I remember when I decided to become a psychotherapist. The Los Angeles riots of 1992 had torn the city apart both physically and psychologically and it made me want to become a force for positive change in people’s lives. I had just been through my own period of personal upheaval, having recently come to terms with being gay. My coming out experience taught me how powerful it can be when personal transformation leads to a happier, more genuine life. It has become a passion of mine to help people change their lives for the better by living more authentically.

To me, being an effective therapist requires a combination of skill and humanity. The skill develops through good training and lots of practice. I received my training through the USC School of Social Work (MSW, 1995), and through Pacifica Graduate Institute (PhD in Depth Psychotherapy, 2010). Over the past 25 years, I’ve worked in a wide variety of settings with people at all stages of life. I've cared for people with conditions such as depression, anxiety, various forms of addiction, and the emotional challenges of terminal illness. My work as a supervisor and trainer has also helped me clarify my ideas about what makes therapy successful.

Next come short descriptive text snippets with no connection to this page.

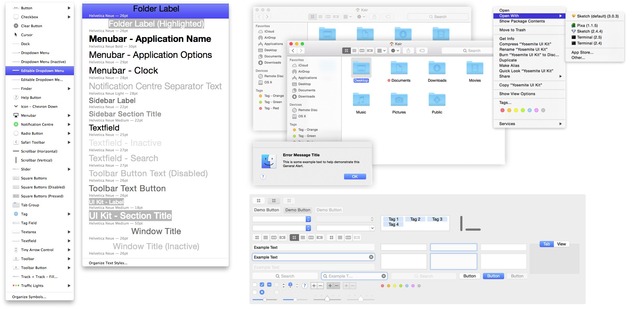 OS-X-Yosemite-UI-Kit-Symbol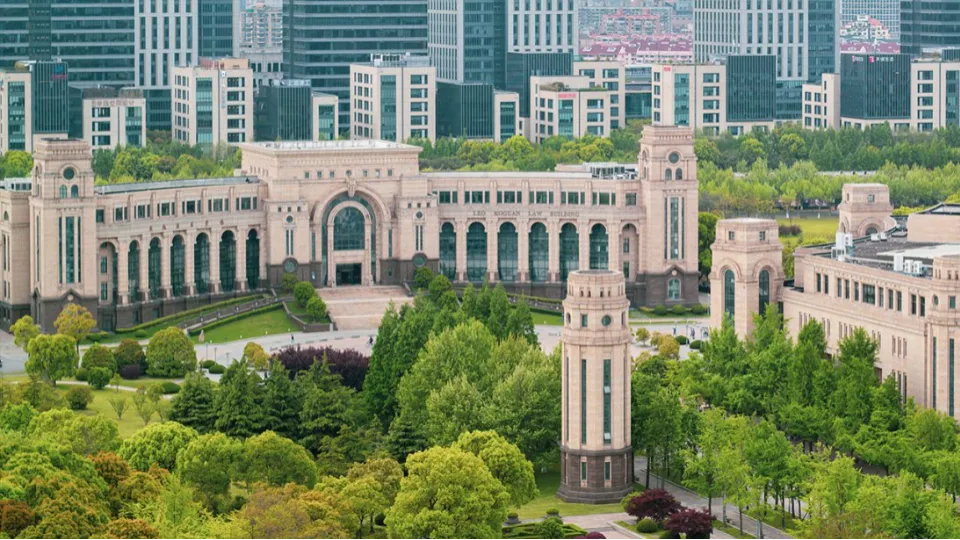 1750662255646305.png 2139.png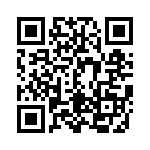 EVU-F3LFL3D14 QRCode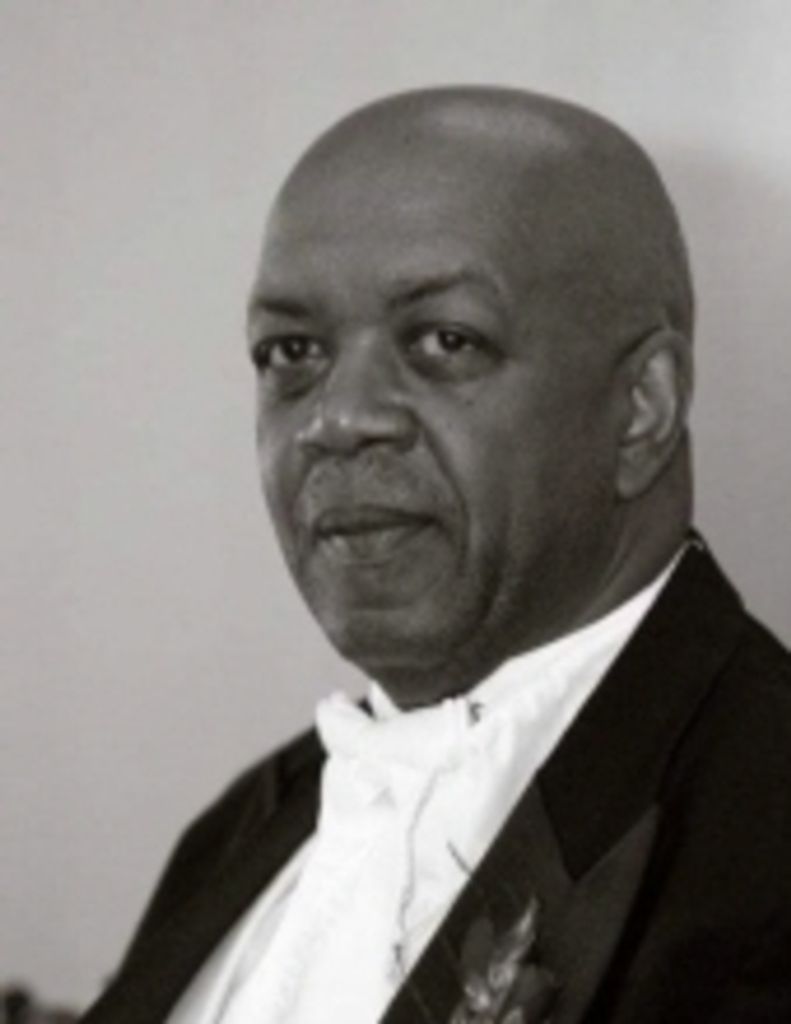 Tyrone Dooley Profile Photo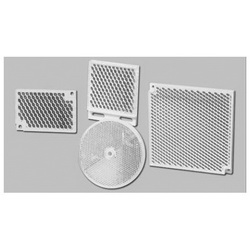Sensor Enclosure Kits & Components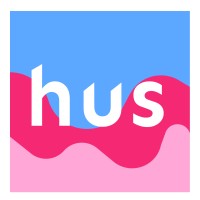 hus logo - Similar company to Bbn Business Improvement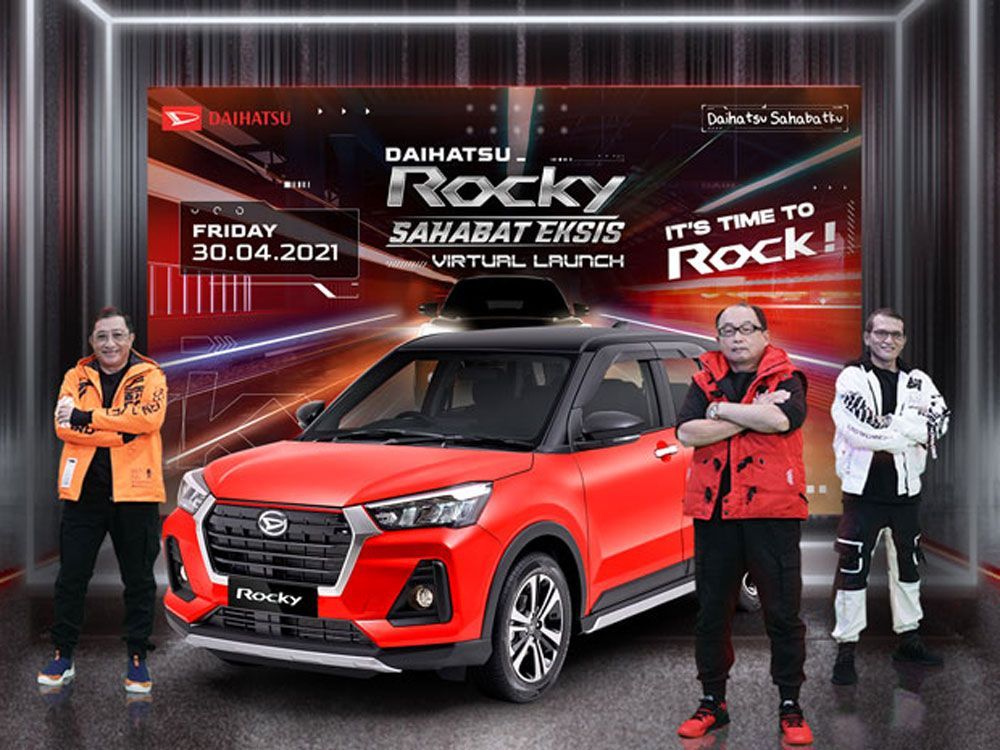 Depresiasi Rupiah Jadi ‘Cobaan’ Terbaru, Harga Mobil akan Naik Lagi?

Humanity, the other ingredient that makes a therapist effective, is the ability to be grounded, down to earth, practical, and direct with people. At the same time, it is the ability to be warm, caring, and intuitive about what’s happening in another person’s inner world. My clients frequently mention these qualities when they give me feedback about my work. To me, it comes naturally to be with people in this way – it’s who I am as a person.